From, The Kentucky Citizen Digest, September/October 2003

After eight months of researching studies that have already been done in regions where gambling has been expanded, a work group from The Family Foundation has compiled what it believes to be the four major societal areas that will be most heavily affected by the expansion of gambling in Kentucky. And now, they maintain, is the time to release their findings and challenge the people of Kentucky to act against the perennial legislative idea that government can be funded in a positive way through gambling.

"Every bit of data we have found indicates a sad, but predictable, progression," said Kent Ostrander, executive director of The Family Foundation. "First, families are targeted and they lose heavily. Small business is then affected because families have fewer dollars to spend. Then, several years after the expansion, the character of government is changed as the gambling interests ‘invest’ in political campaigns. And finally, this previously unseen group, which we call ‘the vulnerable,’ begin surfacing, suffering deeply in any number of ways, including child abuse, spouse abuse, divorce, bankruptcy, crime, alcohol and drug abuse and suicide."
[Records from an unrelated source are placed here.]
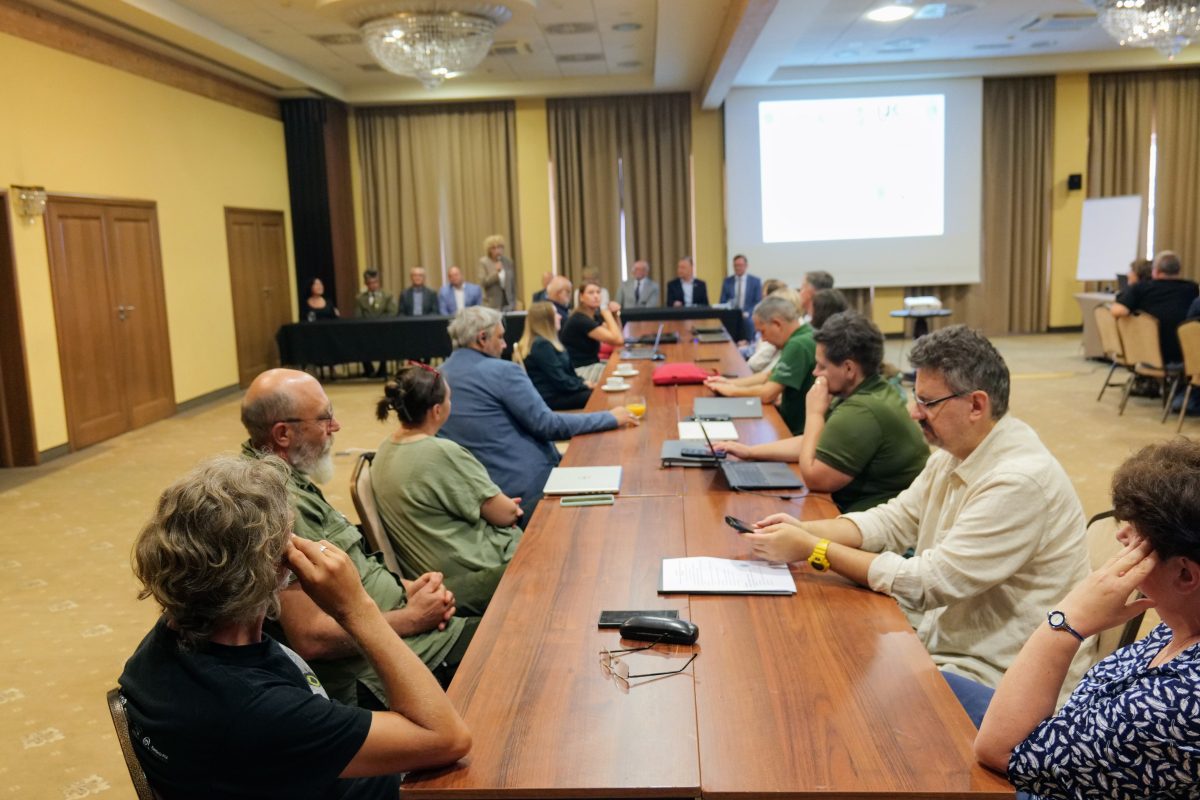 Uczestnicy spotkania w sali Grand Hotelu w Kielcach.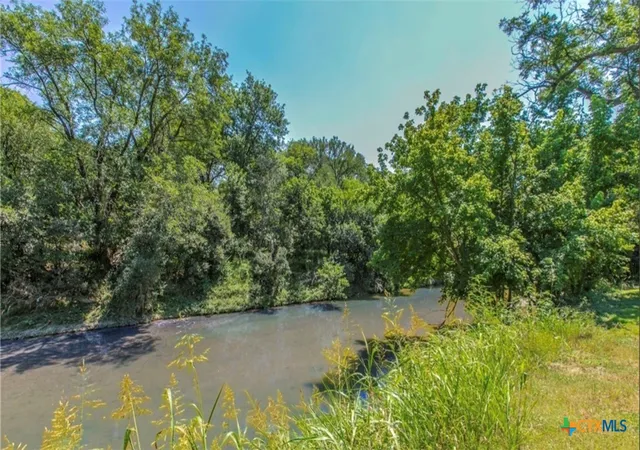 1st image of 200 Whitsett St, Belton, TX 76513 | MLS# 613877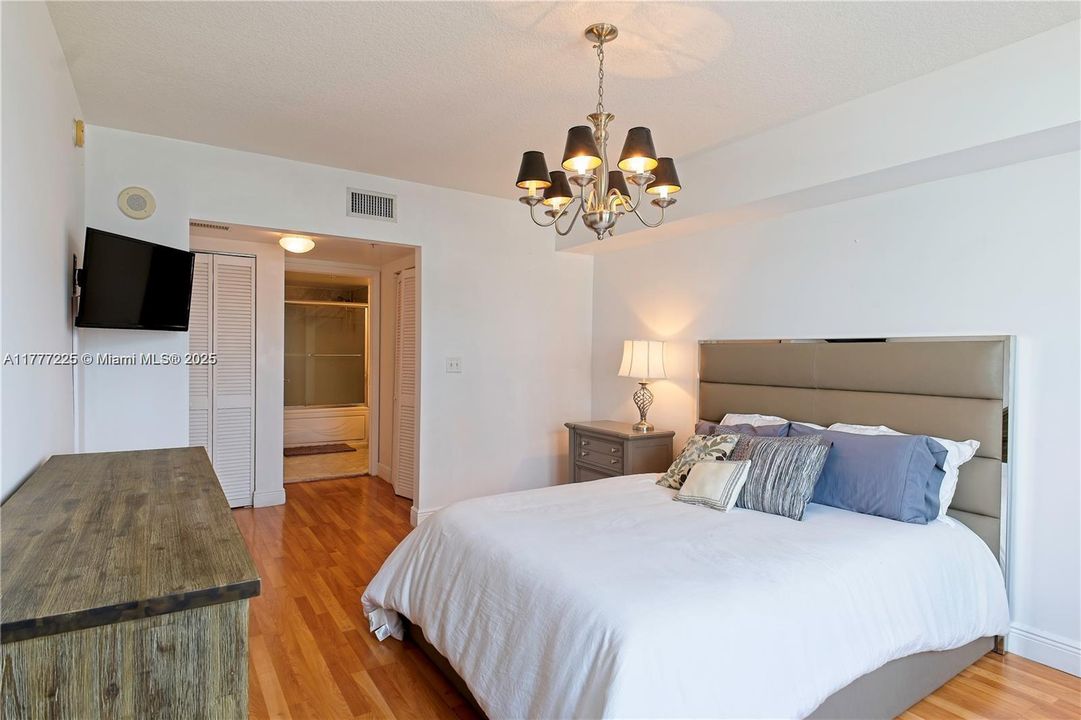 Недавно арендовано: $3,000 (1 спален, 1 ванн, 775 Квадратных фут)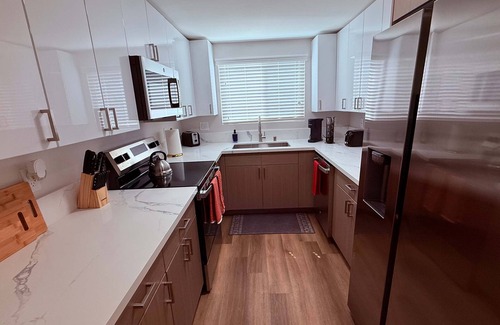 South Redondo Apartment | Oneluxstay 3BR Home Near the Beach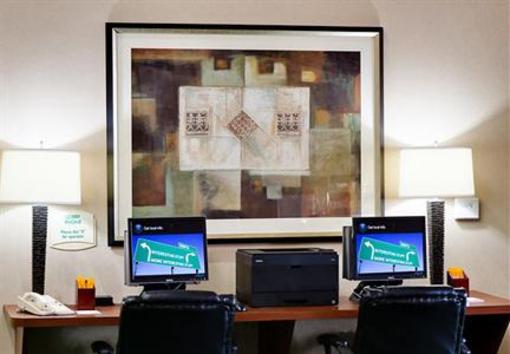 фото отеля Courtyard by Marriott Merrillville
Heading the research team was Ivan Zabilka.  Zabilka, who holds three Master degrees and a Ph.D., first became interested in the issue in 1989 when he was teaching math at Bryan Station Middle School in Lexington. "I became deeply concerned about a couple of my students who seemed to be getting sicklier and continually doing poorly with their studies," said Zabilka. "As I looked into their situations I found that their parents had become engrossed in Kentucky’s new lottery and were spending all the family’s food money hoping to get rich. The students were living on one meal a day — school lunch." It was then that he began what he believes will be a life-long search for reality about gambling.

The release of the information at this time, rather than during the legislative session "is just a function of the education process that we’re pursuing," said Zabilka. "We’re hoping to have the average Kentuckian understand what the research establishes, so that when a big-budget media campaign is launched for gambling expansion, it will not have undue influence."

The education effort Zabilka describes includes a library of information placed on the organization’s web site, (www.SayNoCasino.com), an eight-page publication which explains the team’s findings, and a video for use in churches and civic groups. The strategy is two-fold — educate people regarding the issue and ask them to help make a difference in their own community. The publications and the video are given out at no cost to the recipients.

Though The Foundation staff believe that there will be a number of actions people will need to take over the next several months to continue to defeat the expansion of gambling in Kentucky, only one action is on the horizon: Contact both candidates for governor and ask them to resist any expansion of gambling. "We know both are being courted with campaign donations by the gambling interests," said Ostrander. "But we also know that listening to the people is the best way for either of them to get elected."